Habertürk'ün yayın yönetmeni, yaptığını savunmaya kalkmış. Vietnam Savaşı'nı durduran fotoğrafla kıyaslıyor 'sırtına bıçak saplanmış kadın' fotoğrafını.
Kendini savunurken başvurduğu argümanlara bakınca imza attığı yanlışın sebebini daha iyi anlıyor insan. Bir insanın değerler konusunda bu kadar ölçüden uzak olması daha mı önemsiz bilemiyorum!
Bunu söylerken ne klişe etik kurallarından söz ediyorum ne de cinsiyet politikalarından. Sorun çok daha derin bir yerde çünkü.
Benim itirazım gazeteciliğin en basit kuralından başlıyor;
Haber nedir? Cinayetin şiddetine izleyeni ortak eden o görüntüyü vermek habercilik sayılır mı? Yahut şöyle soralım: O fotoğraftan yansıyan şiddet bize ne öğretiyor? Vietnam fotoğrafında olan ve Altaylı'nın seçiminde olmayan tam da bu. O görüntü, cinayetin işlendiği anın 'gayri insaniliği' dışında bir şey söylemiyor. İzleyicisine duygularını idrak edeceği, muhakeme yapacağı bir fasıla bırakmıyor. İşte benim ve belki pek çoğunuzun hissettiği ve Fatih Altaylı'nın habersiz olduğu şey o 'fasılanın' kendisi. Görüntünün uyandıracağı sorular ve merhamet o fasılada yeşerir çünkü.
Bizler aklımızın ve ruhumuzun terazisinde benliklerimizi inşa ederiz. Orada derinleşiriz. Çünkü görünenin ötesindeki başka manalara açığız. Bizi insan yapan, varlığımızı yücelten o manaya ulaşma arzumuzdur. Sırf bu saikle bile bakılsa, doğada, hayatta zaten var olan kötülüğü yansıtırken o kötülüğün taşıdığı manayı bozmamak gerektiğini biliriz. Çünkü mana kötülüğün işaret ettiklerindedir. Çünkü insan, ibreti takip eden duygu ve düşüncelerin kaidesinde yükselir.
Altaylı'nın özrüne dayanak yaptığı görüntü hakkında unuttuğu gerçek ise şu: Vietnam fotoğrafı savaşın dehşetini yansıtırken o manayı koruyordu.
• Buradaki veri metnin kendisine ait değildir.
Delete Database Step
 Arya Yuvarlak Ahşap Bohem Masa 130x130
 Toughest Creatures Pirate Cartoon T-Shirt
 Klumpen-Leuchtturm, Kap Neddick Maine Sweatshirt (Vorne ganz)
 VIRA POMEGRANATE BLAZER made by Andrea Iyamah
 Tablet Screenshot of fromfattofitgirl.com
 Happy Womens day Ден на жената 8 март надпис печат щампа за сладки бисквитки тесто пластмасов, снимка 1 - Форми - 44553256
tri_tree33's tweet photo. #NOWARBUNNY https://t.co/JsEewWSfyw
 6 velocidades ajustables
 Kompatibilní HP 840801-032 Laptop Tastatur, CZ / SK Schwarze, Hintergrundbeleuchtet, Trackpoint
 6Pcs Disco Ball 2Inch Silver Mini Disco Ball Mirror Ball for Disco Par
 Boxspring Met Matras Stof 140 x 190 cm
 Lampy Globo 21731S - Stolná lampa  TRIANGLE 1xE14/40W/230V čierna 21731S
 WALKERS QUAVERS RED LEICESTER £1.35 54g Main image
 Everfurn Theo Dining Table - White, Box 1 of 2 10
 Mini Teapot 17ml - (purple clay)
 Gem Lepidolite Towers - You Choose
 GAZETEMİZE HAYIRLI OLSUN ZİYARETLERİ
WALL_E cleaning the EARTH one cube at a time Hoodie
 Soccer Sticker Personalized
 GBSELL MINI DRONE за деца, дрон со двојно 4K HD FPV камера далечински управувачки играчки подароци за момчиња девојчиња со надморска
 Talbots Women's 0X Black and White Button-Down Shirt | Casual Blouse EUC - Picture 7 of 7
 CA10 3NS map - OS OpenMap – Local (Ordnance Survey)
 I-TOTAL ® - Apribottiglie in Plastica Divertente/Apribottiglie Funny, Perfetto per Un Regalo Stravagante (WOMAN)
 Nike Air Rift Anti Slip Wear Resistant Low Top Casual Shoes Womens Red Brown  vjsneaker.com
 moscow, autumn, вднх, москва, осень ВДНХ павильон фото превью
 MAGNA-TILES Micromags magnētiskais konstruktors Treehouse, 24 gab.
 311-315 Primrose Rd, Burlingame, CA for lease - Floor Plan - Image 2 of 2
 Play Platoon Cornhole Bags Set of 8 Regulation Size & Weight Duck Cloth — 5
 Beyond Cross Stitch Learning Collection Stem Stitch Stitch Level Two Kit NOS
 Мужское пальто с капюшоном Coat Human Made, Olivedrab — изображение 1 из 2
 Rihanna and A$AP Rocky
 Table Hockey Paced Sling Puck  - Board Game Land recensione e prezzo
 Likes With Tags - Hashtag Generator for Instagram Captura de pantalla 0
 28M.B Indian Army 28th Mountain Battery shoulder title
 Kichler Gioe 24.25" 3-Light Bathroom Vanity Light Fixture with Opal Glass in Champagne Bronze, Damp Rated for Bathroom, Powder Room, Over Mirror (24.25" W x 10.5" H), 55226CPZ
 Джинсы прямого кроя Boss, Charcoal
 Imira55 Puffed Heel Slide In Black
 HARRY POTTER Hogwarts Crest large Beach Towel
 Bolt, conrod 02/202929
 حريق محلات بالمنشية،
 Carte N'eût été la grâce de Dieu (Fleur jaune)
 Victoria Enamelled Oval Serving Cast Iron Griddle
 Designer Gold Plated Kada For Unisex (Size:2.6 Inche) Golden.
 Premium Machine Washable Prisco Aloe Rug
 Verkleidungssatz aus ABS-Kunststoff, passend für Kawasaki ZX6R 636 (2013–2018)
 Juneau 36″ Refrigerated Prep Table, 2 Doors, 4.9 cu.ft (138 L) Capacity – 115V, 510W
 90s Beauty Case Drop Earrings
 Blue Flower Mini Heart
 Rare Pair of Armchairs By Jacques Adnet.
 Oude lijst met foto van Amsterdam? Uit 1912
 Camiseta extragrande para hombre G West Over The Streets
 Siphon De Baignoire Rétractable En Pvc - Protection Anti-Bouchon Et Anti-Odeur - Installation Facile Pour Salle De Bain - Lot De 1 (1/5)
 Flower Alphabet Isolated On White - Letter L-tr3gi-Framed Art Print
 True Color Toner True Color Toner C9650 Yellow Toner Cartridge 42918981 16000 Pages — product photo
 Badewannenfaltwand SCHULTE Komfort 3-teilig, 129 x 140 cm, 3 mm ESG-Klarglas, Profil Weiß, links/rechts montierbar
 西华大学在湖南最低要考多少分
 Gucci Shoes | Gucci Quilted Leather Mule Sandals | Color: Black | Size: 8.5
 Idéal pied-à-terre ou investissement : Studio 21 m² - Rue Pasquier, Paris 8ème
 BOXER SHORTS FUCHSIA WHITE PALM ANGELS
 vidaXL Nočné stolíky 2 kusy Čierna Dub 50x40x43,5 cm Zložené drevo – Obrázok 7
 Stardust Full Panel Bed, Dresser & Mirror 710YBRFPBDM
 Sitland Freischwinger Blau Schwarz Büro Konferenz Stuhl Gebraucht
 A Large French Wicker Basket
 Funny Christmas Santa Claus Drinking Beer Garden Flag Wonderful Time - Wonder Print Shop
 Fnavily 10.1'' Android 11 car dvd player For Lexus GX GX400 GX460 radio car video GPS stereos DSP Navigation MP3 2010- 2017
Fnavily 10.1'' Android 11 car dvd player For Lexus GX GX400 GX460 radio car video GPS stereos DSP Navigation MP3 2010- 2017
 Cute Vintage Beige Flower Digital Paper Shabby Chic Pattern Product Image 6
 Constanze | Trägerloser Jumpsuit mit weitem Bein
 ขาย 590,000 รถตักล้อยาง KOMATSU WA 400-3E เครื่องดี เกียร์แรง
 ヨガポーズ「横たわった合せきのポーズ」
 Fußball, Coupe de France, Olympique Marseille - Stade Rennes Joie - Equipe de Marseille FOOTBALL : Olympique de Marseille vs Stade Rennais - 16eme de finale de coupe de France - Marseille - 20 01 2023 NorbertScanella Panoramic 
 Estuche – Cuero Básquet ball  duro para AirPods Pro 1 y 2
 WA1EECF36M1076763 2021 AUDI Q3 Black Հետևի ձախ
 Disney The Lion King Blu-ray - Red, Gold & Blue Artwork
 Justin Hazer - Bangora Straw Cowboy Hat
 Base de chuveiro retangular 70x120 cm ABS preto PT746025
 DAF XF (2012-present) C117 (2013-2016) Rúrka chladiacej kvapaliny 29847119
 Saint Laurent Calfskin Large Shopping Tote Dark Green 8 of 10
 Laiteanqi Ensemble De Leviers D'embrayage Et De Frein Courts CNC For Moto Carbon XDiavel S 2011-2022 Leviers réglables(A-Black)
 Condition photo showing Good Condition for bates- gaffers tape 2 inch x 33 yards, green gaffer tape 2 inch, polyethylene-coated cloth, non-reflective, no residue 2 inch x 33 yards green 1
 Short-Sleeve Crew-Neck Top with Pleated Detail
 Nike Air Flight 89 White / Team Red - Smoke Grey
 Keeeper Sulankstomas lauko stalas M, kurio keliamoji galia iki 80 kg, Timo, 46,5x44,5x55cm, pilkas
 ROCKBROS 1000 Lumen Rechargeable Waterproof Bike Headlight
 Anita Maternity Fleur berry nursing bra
Savaş karşıtı duyguları bunca tetiklemesi koruduğu o anlamla ilgiliydi. Habertürk'ün yayımlamakta beis görmediği fotoğraf ise duyguları bulunduğu seviyenin altına çekerek cinayetin soğukluğuna kilitliyor. Aslında kural basit; tıpkı sanat eseri gibi, iyi haber de insan ruhunda bir dönüşüme sebep olur. Duyguları bir üst kategoriye taşıyarak yapar bunu. Aşkınlık dediğimiz şeydir bu. Sırtına bıçak saplı halde yatan kadın görüntüsü duyguların aşkınlığına imkân vermediği gibi, bilakis duyguları o cinayetin işlendiği andaki bir körlüğe kilitliyor. Aşağı çekiyor. Ancak duygusuz kalmakla baş edilebilecek kapalı bir ruh alanına sürüklüyor izleyeni. Bir gazetenin bunu yapmaya hakkının olup olmadığı sorgulanabilmeli.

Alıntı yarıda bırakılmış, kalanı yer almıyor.